| TO DO |
Excluding pictures, retype exactly the lines from the one with "Citrine Gemstone Statement" through the end of the records that follow.

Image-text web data
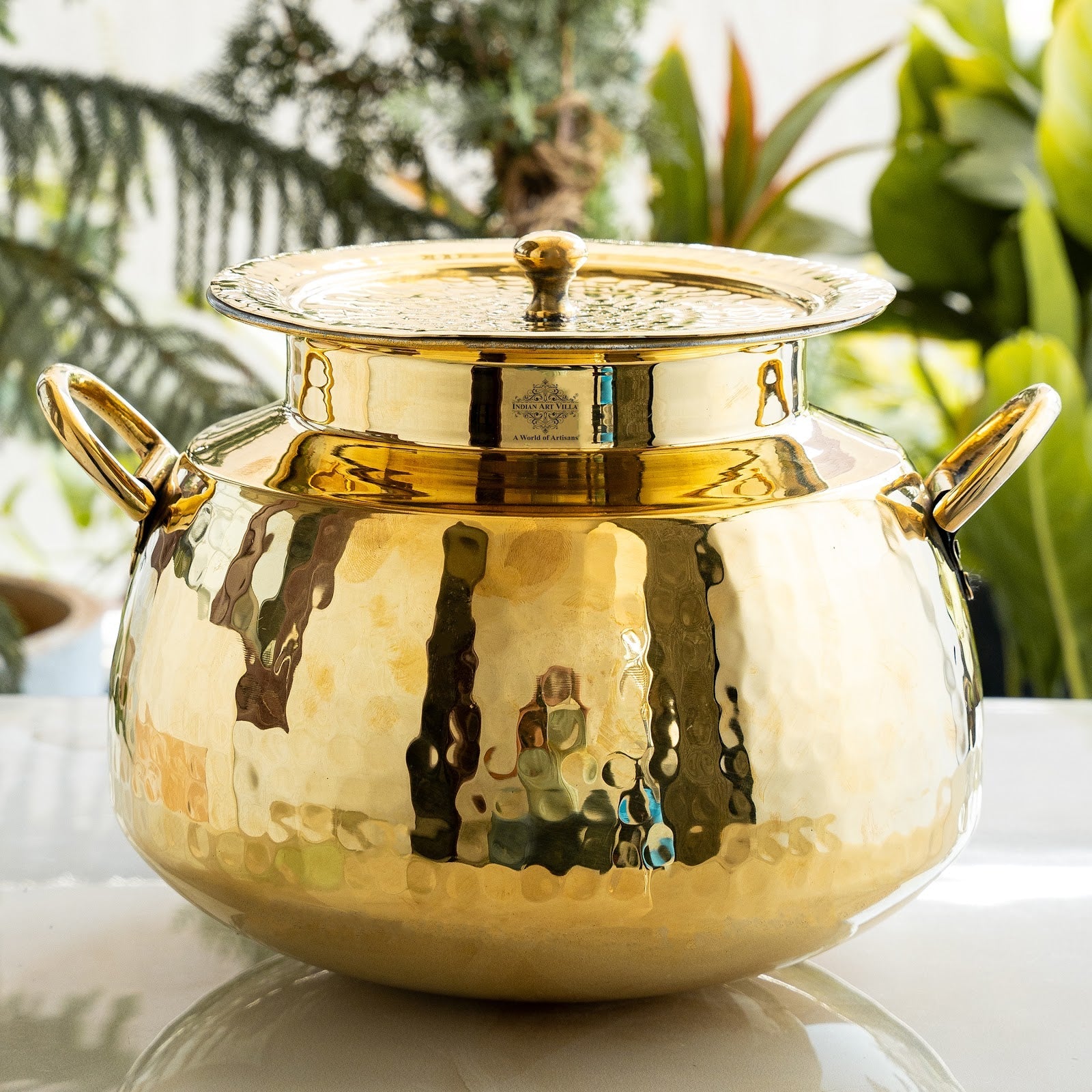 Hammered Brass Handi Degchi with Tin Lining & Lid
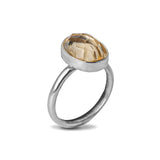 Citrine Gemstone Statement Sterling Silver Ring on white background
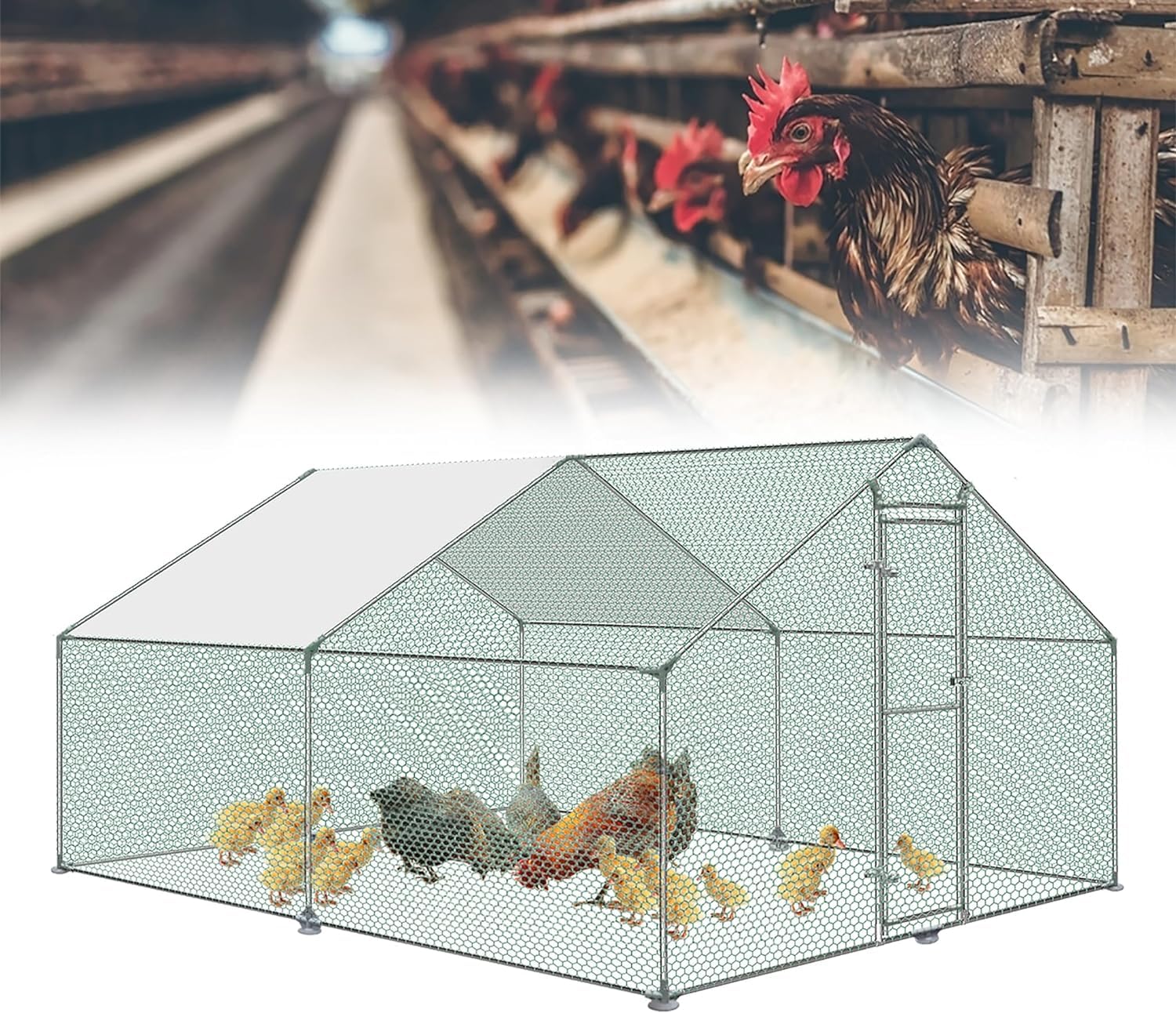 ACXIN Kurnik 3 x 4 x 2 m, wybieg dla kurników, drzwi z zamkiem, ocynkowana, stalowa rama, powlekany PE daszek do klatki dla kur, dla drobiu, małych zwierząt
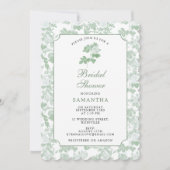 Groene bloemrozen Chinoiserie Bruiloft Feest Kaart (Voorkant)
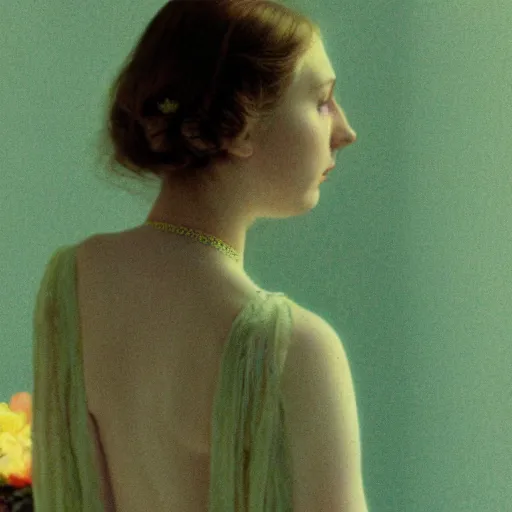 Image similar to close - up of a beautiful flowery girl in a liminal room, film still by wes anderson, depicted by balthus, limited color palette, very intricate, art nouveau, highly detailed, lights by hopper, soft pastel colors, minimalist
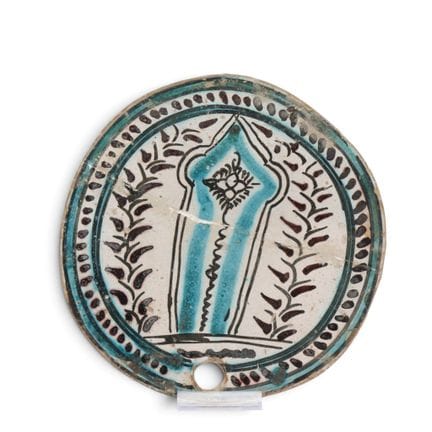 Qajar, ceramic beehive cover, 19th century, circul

| SOLVED PROBLEM |
 Citrine Gemstone Statement Sterling Silver Ring on white background
 ACXIN Kurnik 3 x 4 x 2 m, wybieg dla kurników, drzwi z zamkiem, ocynkowana, stalowa rama, powlekany PE daszek do klatki dla kur, dla drobiu, małych zwierząt
 Groene bloemrozen Chinoiserie Bruiloft Feest Kaart (Voorkant)
 Image similar to close - up of a beautiful flowery girl in a liminal room, film still by wes anderson, depicted by balthus, limited color palette, very intricate, art nouveau, highly detailed, lights by hopper, soft pastel colors, minimalist
 Qajar, ceramic beehive cover, 19th century, circul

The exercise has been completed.